Online user behaviour is shaped by the features and rules of the environment within which it takes place. The tools available have a significant impact on the kind of community that develops and the social norms it adheres to. The contrast between the behaviour of a loose, anonymous community verses that of a close knit group of people using their real life identities is one example of how small differences in features can lead to contrasting behaviours. The difference between how people on Facebook act to anonymous or semi-anonymous members of forums such as 4chan (Link omitted), SomethingAwful.com, and the MMORPG forum of your choice is significant.

How people act free from moderation through investment in their avatar, peer pressure, authority or social norms is different from when they actually have something to lose. The behaviour of a community’s members is the product of two conflicting factors:

  • Moderation by a perceived or real cost of violating enforced social norms
  • A tendency to maximise their own enjoyment through interaction.

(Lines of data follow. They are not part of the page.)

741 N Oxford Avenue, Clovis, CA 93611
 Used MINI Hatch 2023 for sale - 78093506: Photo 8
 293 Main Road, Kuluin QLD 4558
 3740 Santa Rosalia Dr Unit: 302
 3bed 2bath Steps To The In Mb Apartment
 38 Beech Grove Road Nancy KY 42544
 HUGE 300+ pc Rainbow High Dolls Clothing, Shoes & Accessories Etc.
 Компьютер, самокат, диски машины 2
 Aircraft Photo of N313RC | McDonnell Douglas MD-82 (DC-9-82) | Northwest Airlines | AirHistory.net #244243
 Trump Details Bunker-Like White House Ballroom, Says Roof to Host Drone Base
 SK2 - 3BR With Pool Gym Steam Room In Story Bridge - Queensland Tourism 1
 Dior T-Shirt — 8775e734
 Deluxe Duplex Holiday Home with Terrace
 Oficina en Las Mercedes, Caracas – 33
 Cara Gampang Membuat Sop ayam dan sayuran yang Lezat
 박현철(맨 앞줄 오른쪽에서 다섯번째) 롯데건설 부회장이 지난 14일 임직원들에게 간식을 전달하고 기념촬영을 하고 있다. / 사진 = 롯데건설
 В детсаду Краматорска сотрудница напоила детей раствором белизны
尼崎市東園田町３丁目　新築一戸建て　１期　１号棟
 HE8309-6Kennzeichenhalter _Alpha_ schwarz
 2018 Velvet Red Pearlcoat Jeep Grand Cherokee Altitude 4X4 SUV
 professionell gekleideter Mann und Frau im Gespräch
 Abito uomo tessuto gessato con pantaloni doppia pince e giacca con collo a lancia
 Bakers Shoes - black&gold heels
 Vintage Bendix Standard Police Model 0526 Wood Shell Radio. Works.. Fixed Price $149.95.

Being a forum warrior or trolling is a lot more fun when people only know your avatar, but not when it loses you friends, respect and access. Any change to the user’s level of privacy can come with a high perceived cost.

The outcry over each of Facebook’s privacy setting changes and the storm that erupted when it looked like World of Warcraft (WOW) was going to introduce Real ID to their forums demonstrates just how significant consistent levels of privacy and anonymity can be to a community’s members. It is not that they may lose their privacy, but that the community evolved to match the current level, and a change would be immensely disruptive.

In some communities there are benefits to linking offline and online identities together. Twitter, as used by many marketing and design professionals, is a good example. The value of Twitter as a networking tool when used in this way is high. Like other open networks, Twitter can create opportunities for discovery within groups of shared interest and through mutual contacts. LinkedIn and other dedicated professional online communities also thrive in this paradigm.

Visual Vernacular

Visual symbols and other memes are an important part of human culture. As a product of shared experiences they can make a one group or subculture distinct from another. The creation and appropriation of symbolism and cultural artefacts for a differnet purpose predates the Internet. Sampling in early hip-hop, appropriated religious iconography, symbols tied to a common experience (like ‘Kilroy was here‘) and in-jokes are all examples of how ideas and imagery can become a part of a cultural vernacular.

Social media does not mark the birth of these tendencies, it merely enhanced existing behaviour. Through new accessible tools and expanded open networks it is easier than ever for an idea to spread and content to be created and find an audience. Before the Internet it was almost impossible for most people to create or appropriate media and incorporate it into a conversation. The change is not that Rick Roll videos and parody ads are being created at all, but that the tools are more readily available, publication is cheaper and more accessible and they are being posted as a part of normal online conversation via forums, new social media, email and instant messaging.

Video, images and audio are as much a part of interpersonal communication online as the written word. On Facebook, forums, Twitter and other forms of social media they are as much a part of the conversation as its subject. The difference between publication and conversation online has disappeared as the conversation around the media becomes more visible.

People will always be people, even when they are online. Actually, people will be people especially when they are online and assume a certain level of anonymity. These emergent patterns of behaviour are not that radical, and are an extension on existing tendencies. The change is in the options open to the individual.